Of course, this is not the first time the justices of the Supreme Court have been asked to make fundamental changes to our country’s social institutions. In some cases, the legislative and executive branches gladly threw the controversial issues into the lap of the Supreme Court.
A few examples include:
- Brown v. Board of Education: The Supreme Court struck down laws requiring or permitting segregation in public schools according to race. It concluded that the doctrine of “separate but equal” had no place in the field of public education, and that separate educational facilities were inherently unequal.
- Roe v. Wade: The Supreme Court ruled that a criminal law banning abortion violated the right to privacy embodied in the Constitution. The justices concluded that the “zone of privacy” guaranteed by the Constitution is broad enough to encompass a woman’s decision whether or not to terminate her pregnancy.

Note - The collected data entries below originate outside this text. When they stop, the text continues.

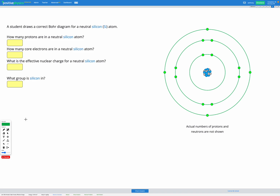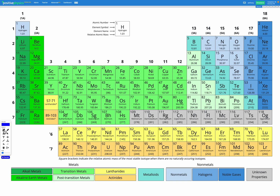In this question we have a Bohr diagram for a neutral silicon atom, and we are asked how many protons are in a neutral silicon atom. We can look in our periodic table and find silicon. We're looking for the number of protons, which is the same as the atomic number — that number in the top left — so silicon has 14 protons.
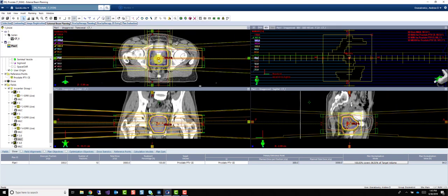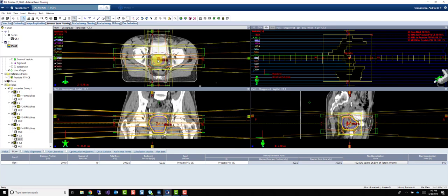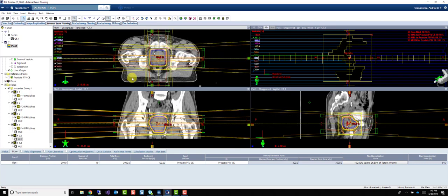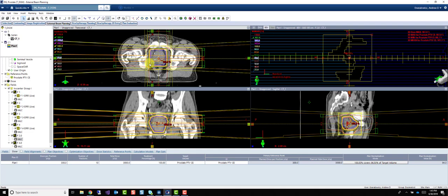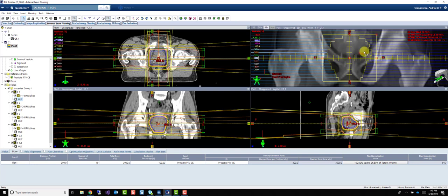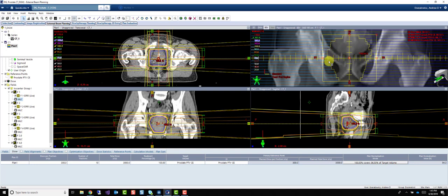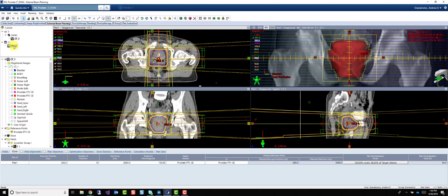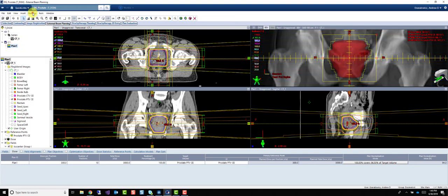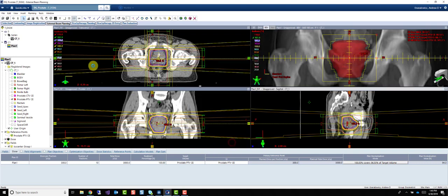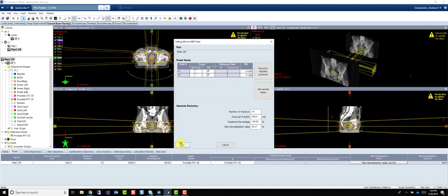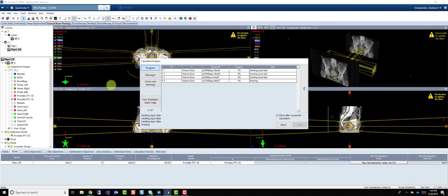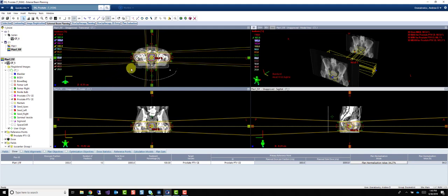This is just a good example. It shows you by adding more fields. The more fields we add, the more conformal we can get, and the tighter we can make these margins around our volumes, which is good, because then we end up treating less normal tissue. To finish this plan up, I would merge my subfields. And we are done.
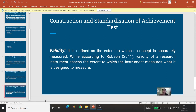Agar hamne reliability aur validity bhi nikaal li, toh hamara test standardized bhi ho jaayega. Theoretically yeh bahut aasaan topic hai — aapko sirf steps batane hain. Steps hain: planning, preparation, administration, item analysis, aur phir standardization jisme reliability aur validity establish karte hain. Steps sahi yaad kariye aur unke andar bhi sahi content likhiye — tabhi aapka uttar achha banega aur aap number le paayenge.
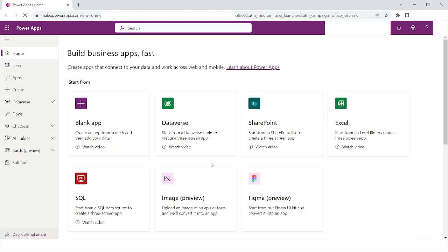Hi guys, welcome to my YouTube channel. In today's video we are going to create a PowerApps application. For that, what I have to do is first go to make.powerapps.com.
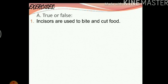Let's solve this together. First we have true and false. Incisors are used to bite and cut food — that is the function of an incisor. So this statement is true.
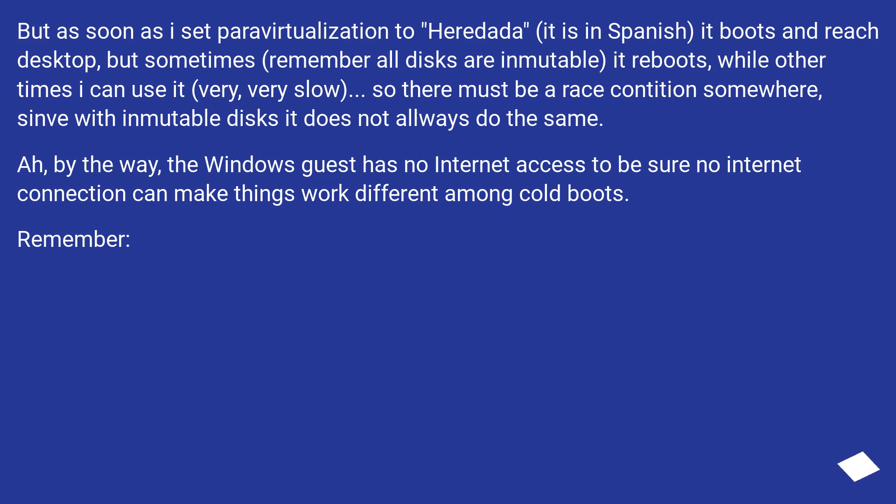But as soon as I set Paravirtualization to heredada (it is in Spanish), it boots and reaches desktop, but sometimes it reboots, while other times I can use it very, very slow.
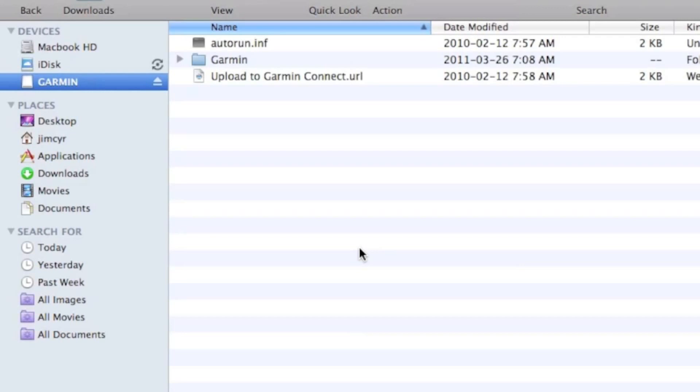I've connected the 110 to my Mac and you should see a Garmin Drive pop up. From there we have a number of files and folders.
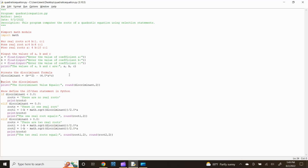Print the value of the discriminant by typing: print("The discriminant value equals:", round(discriminant, 2)). I want to round the result to two decimal places, which is accomplished by using the round function. Therefore, after the comma, type round(discriminant, 2), then close the parenthesis twice as there are two preceding opening parentheses.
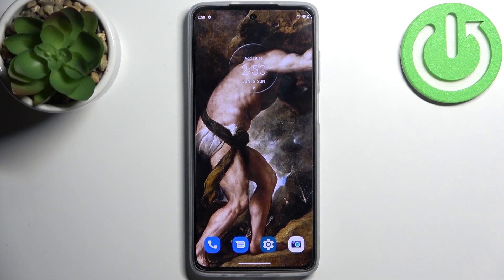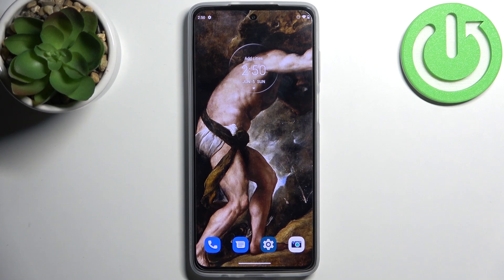Here I have Motorola Moto G52 and today I'm going to show you how to enable image stabilization in camera on this device.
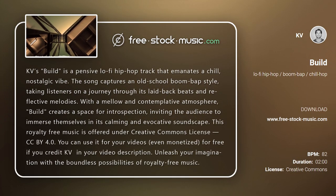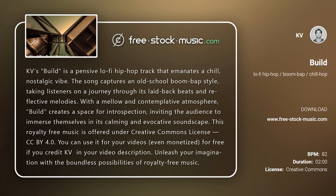KD's Build is a pensive lo-fi hip-hop track that emanates a chill, nostalgic vibe. The song captures an old-school boom-bap style, taking listeners on a journey through its laid-back beats and reflective melodies.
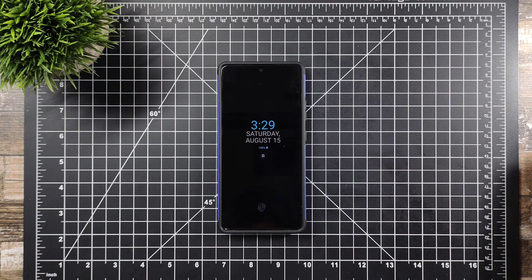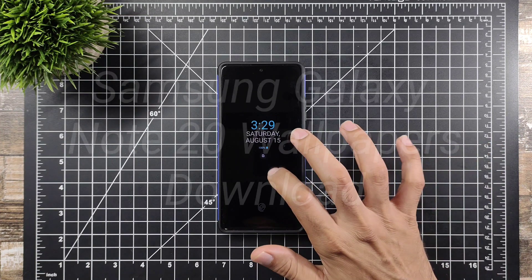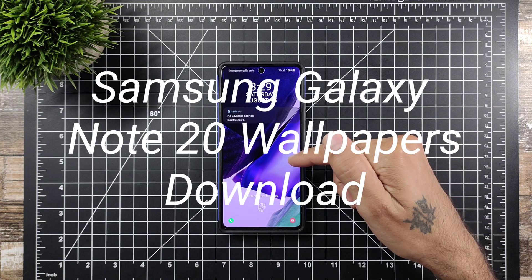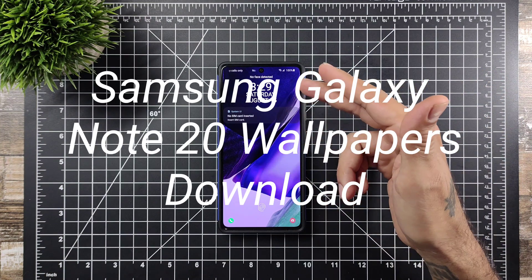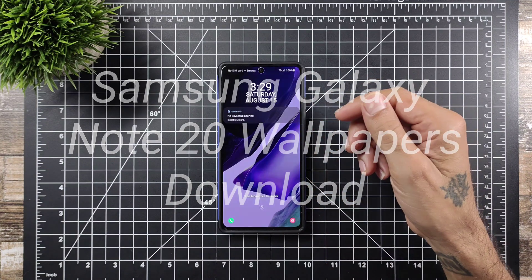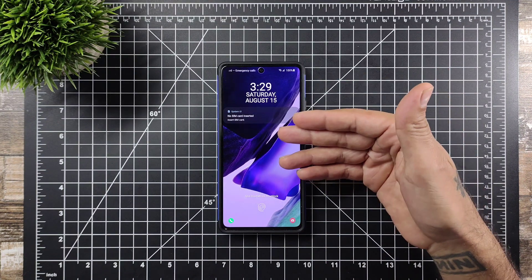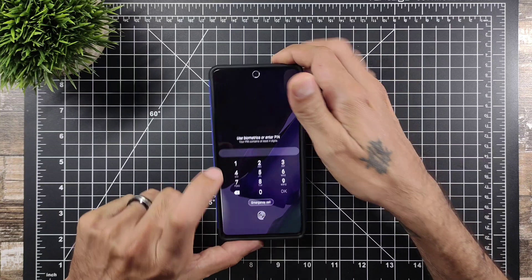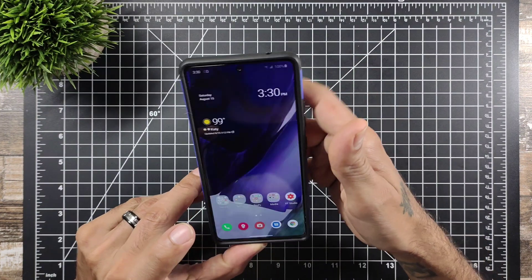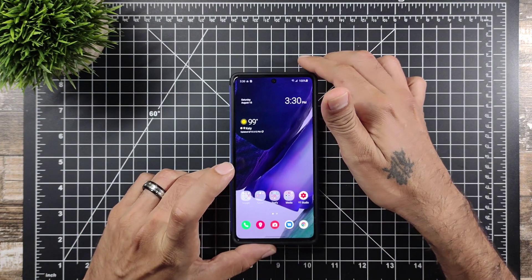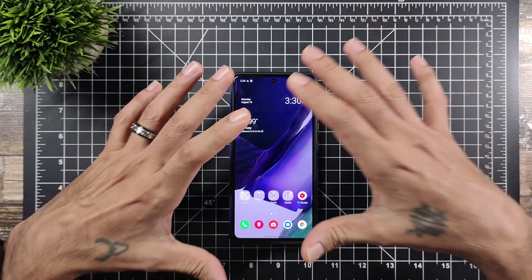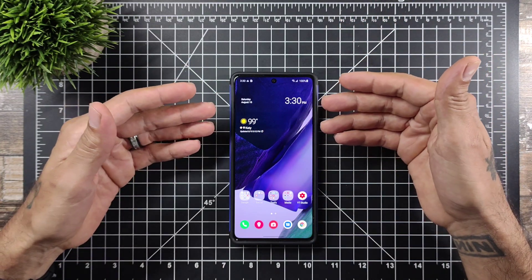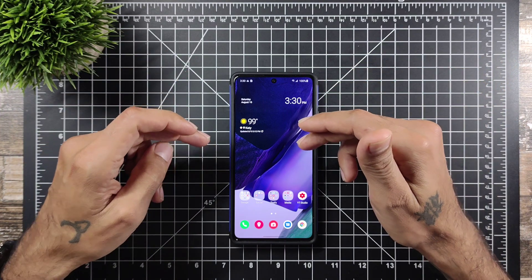How's it going, it's Eric back with another video. Today we're going to be showing you how to get the Samsung Galaxy Note 20 wallpaper — live wallpaper and static wallpaper — onto your Samsung device. In my case, this is the Galaxy A71, and we're going to show you how to get the wallpaper from the Note 20, download it, and set it on your Galaxy A71 or any other Galaxy device.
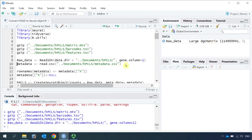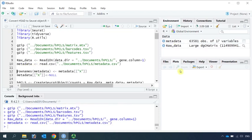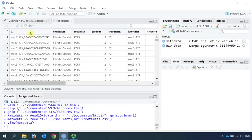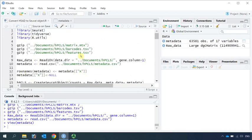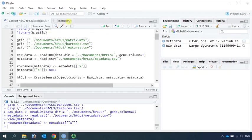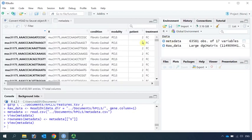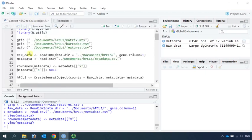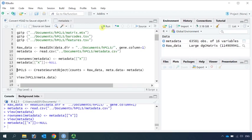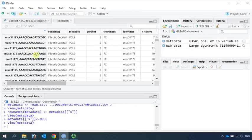In order to produce the same cell pattern, we need to read the metadata as well. So we have the metadata — let's have a look at it. The barcodes are in the first column named as X, so we can assign this to the row names. Now if we look at the metadata, the row names are barcodes. But the barcodes are still in the first column, so we can delete that column. Now we have a proper metadata.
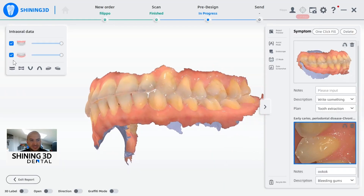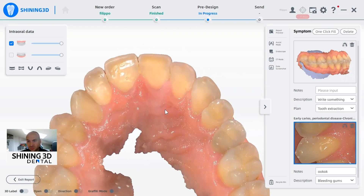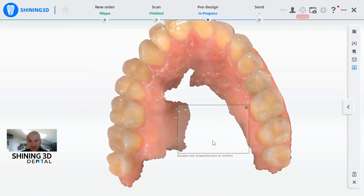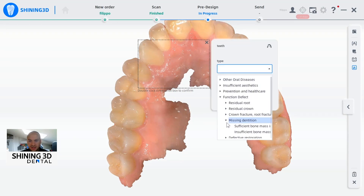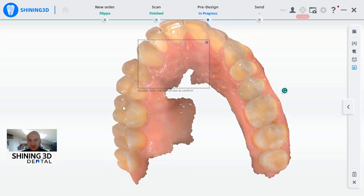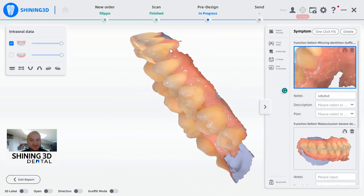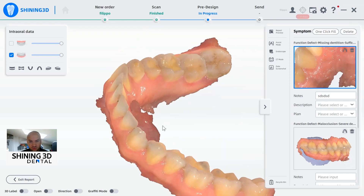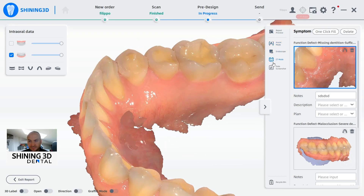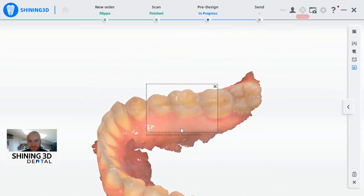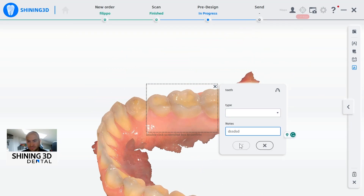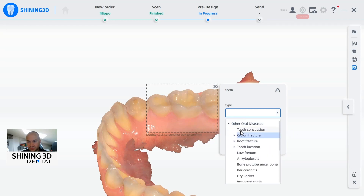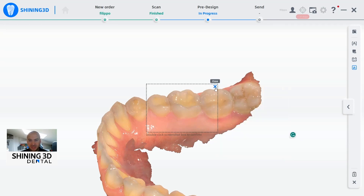As in the previous version, we still have the possibility to make a screenshot directly from the 3D model. We can double click, and also here we can select between the different functions and write something in order to highlight something really specific — also in this case to improve the communication with the patient. Let's take a screenshot with a double click, just to make an example.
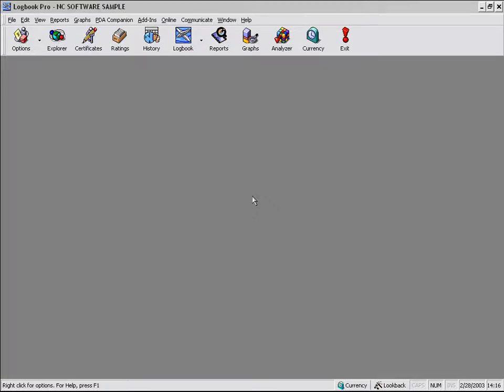Welcome to another video on Logbook Pro. In this video, we're going to take a look at the reports, probably the second most important area of Logbook Pro. One is getting your data in, the second being getting your data out.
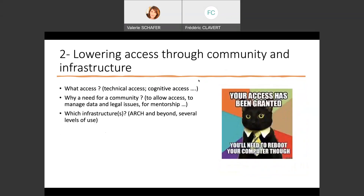Coming back to Jan Milligan's title, 'Lowering Access Through Community and Infrastructure' — finally you have several questions. What does lowering access mean? The technical access is for sure lowered thanks to the Archive Unleashed team. But you can't lower the questions related to cognitive access. You have to understand what web archives are, what the collection allows, and so on.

- Lawrence v. Texas: The Supreme Court invalidated a Texas law criminalized consensual, adult homosexual intercourse as sodomy. The Court reasoned that homosexual couples should be free as adults to engage in private conduct in the exercise of their liberty under the Due Process Clause.
In each of the above cases, the Supreme Court overruled laws that were implemented by state legislatures and supported by large segments of the public. With regard to legalizing abortion, liberal Justice Ruth Bader Ginsburg believes the Court may have jumped in too soon and created a backlash. The Court “moved too far too fast…. The legislatures all over the United States were moving on this question,” she said. “The Supreme Court’s decision was a perfect rallying point for people who disagreed with the notion that it should be a woman’s choice. They could, instead of fighting in the trenches legislature by legislature, go after this decision by unelected judges.”
It remains to be seen whether the Court is willing to embrace its role as an agent of social change this time around. During oral arguments in the same-sex marriage cases, several justices raised questions regarding whether they should let the political process take its course. Chief Justice John Roberts specifically noted to opponents of DOMA that that “political figures are falling over themselves to endorse your side of the case,” suggesting that the tide has already changed. In response, the lawyers highlighted recent state laws banning same-sex unions, which suggest that momentum is not building everywhere.